(Records from a dataset)
------------------------------

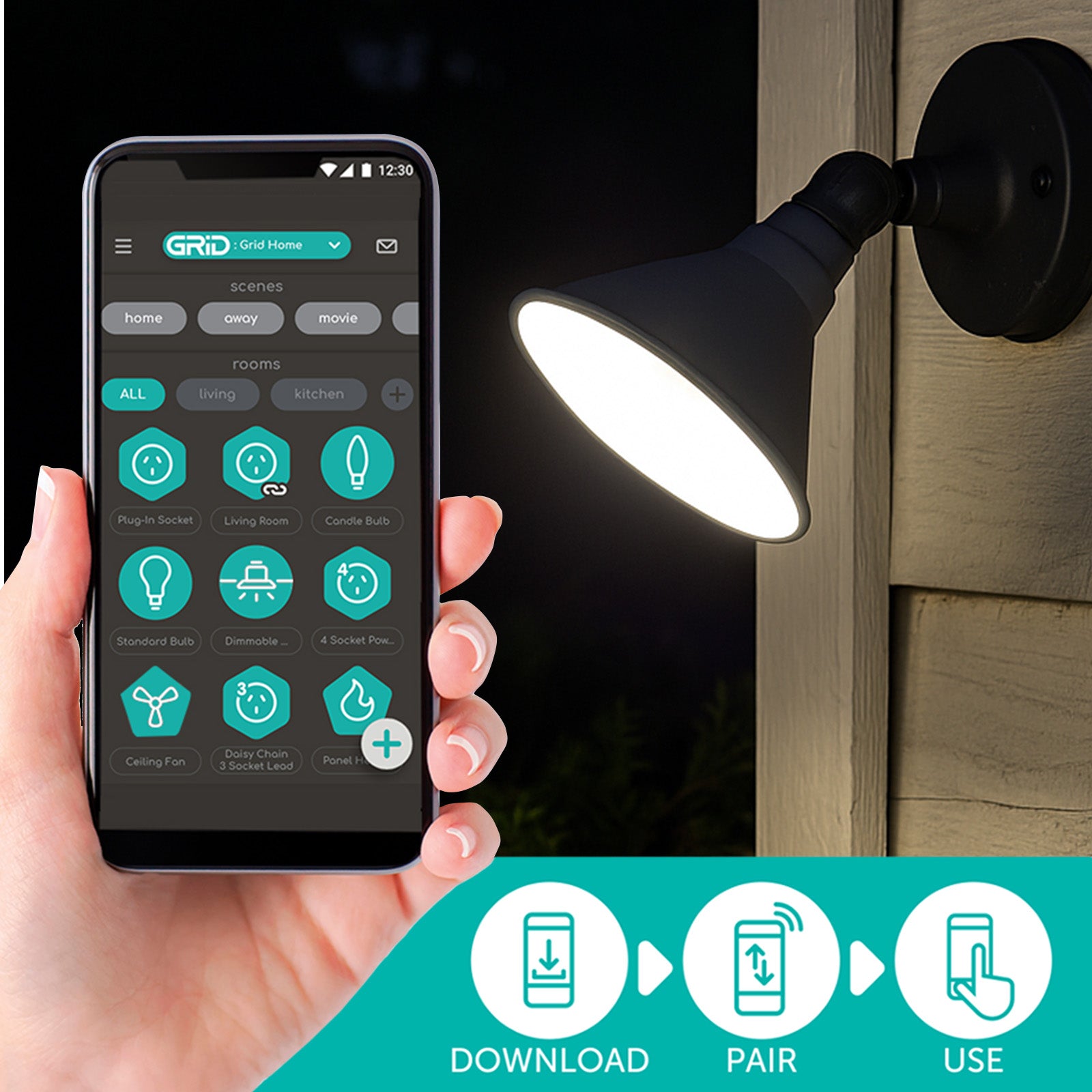 Arlec PAR38 E27 15W smart LED globe, 1350lm Grid Connect CCT light bulb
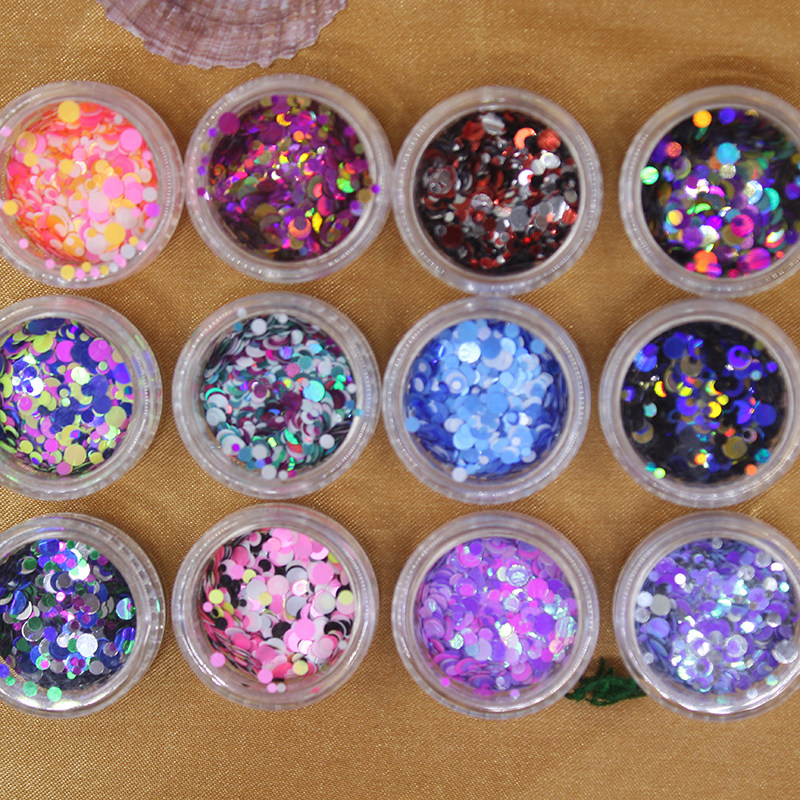美甲亮片圆形12色套装指甲饰品彩色闪粉超薄大小混装超闪幻彩贴片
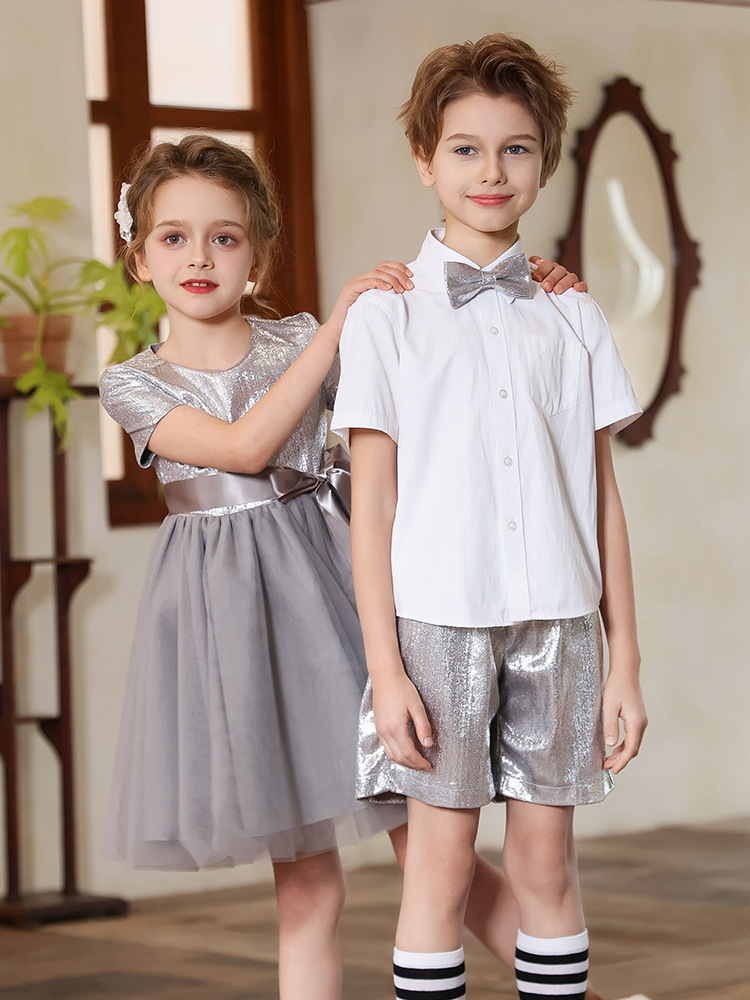Uniformes de actuación del coro de niños de jardín de infantes para estudiantes de primaria y secundaria, recitación de poesía, discursos, trajes de actuación de danza para niñas
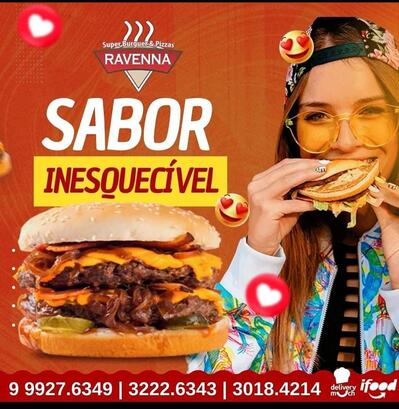 A publicidade mostra informações sobre o Super Burger e Pizzas Ravenna. Lages SC
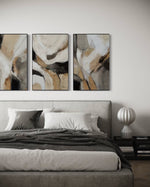 Cargar imagen en el visor de la galería, Set Cuadros Decorativos Abstracto Negro Arena 2 - 206 - Triptico Minimalista Arte Moderno y Elegante Estilo Nordico en Tonos Neutros
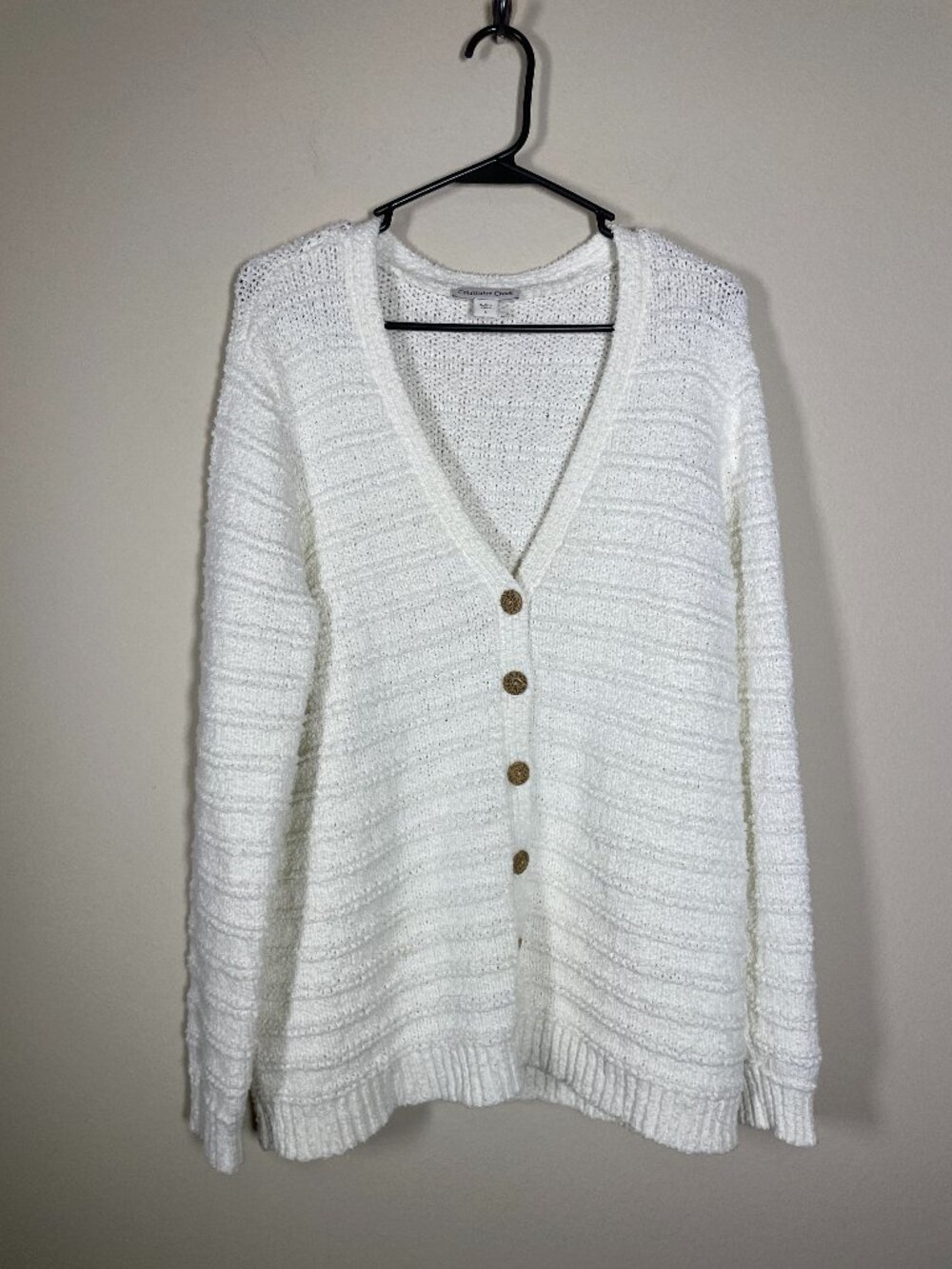 Coldwater Creek Women's Chunky Knit White Cardigan Sweater Granny Large Cotton!
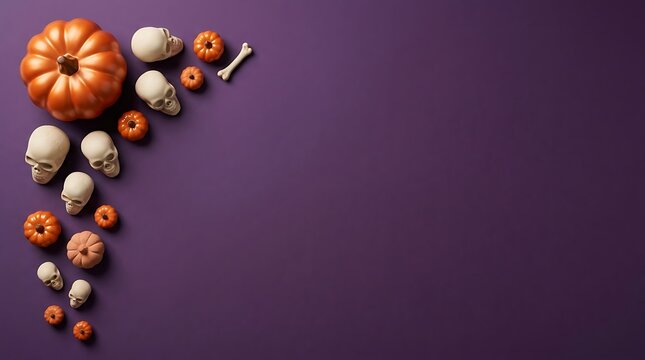 Flatlay composition of miniature pumpkins and human skulls on a purple background for halloween celebration design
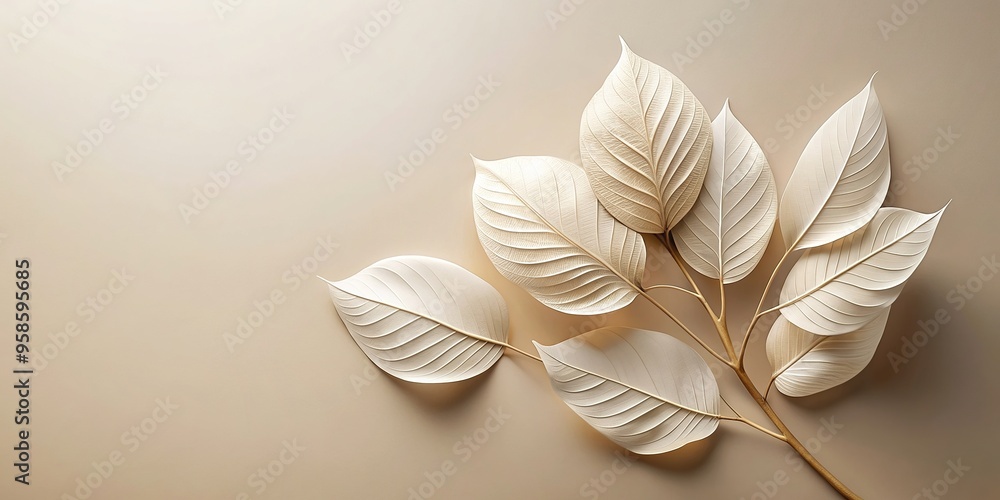 An elegant ivory leaf arrangement is captured from a low angle against a beige background creating a harmonious and sophisticated composition, sophisticated, leaf arrangement An elegant ivory leaf arrangement is captured from a low angle against a beige background creating a harmonious and sophisticated composition, sophisticated, leaf arrangement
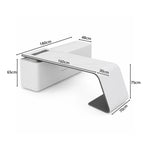LUXORA Modern Home Office Desk Multi-Layer Wood Rounded Edges Power Outlet 140/160cm for Study Open Workspace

------------------------------

**TASK OBJECTIVE**
Print exactly the lines running from the start of the entries above to the line with "Uniformes de actuación", both included; leave out any pictures.

**ANSWER SPACE**
 Arlec PAR38 E27 15W smart LED globe, 1350lm Grid Connect CCT light bulb
美甲亮片圆形12色套装指甲饰品彩色闪粉超薄大小混装超闪幻彩贴片
Uniformes de actuación del coro de niños de jardín de infantes para estudiantes de primaria y secundaria, recitación de poesía, discursos, trajes de actuación de danza para niñas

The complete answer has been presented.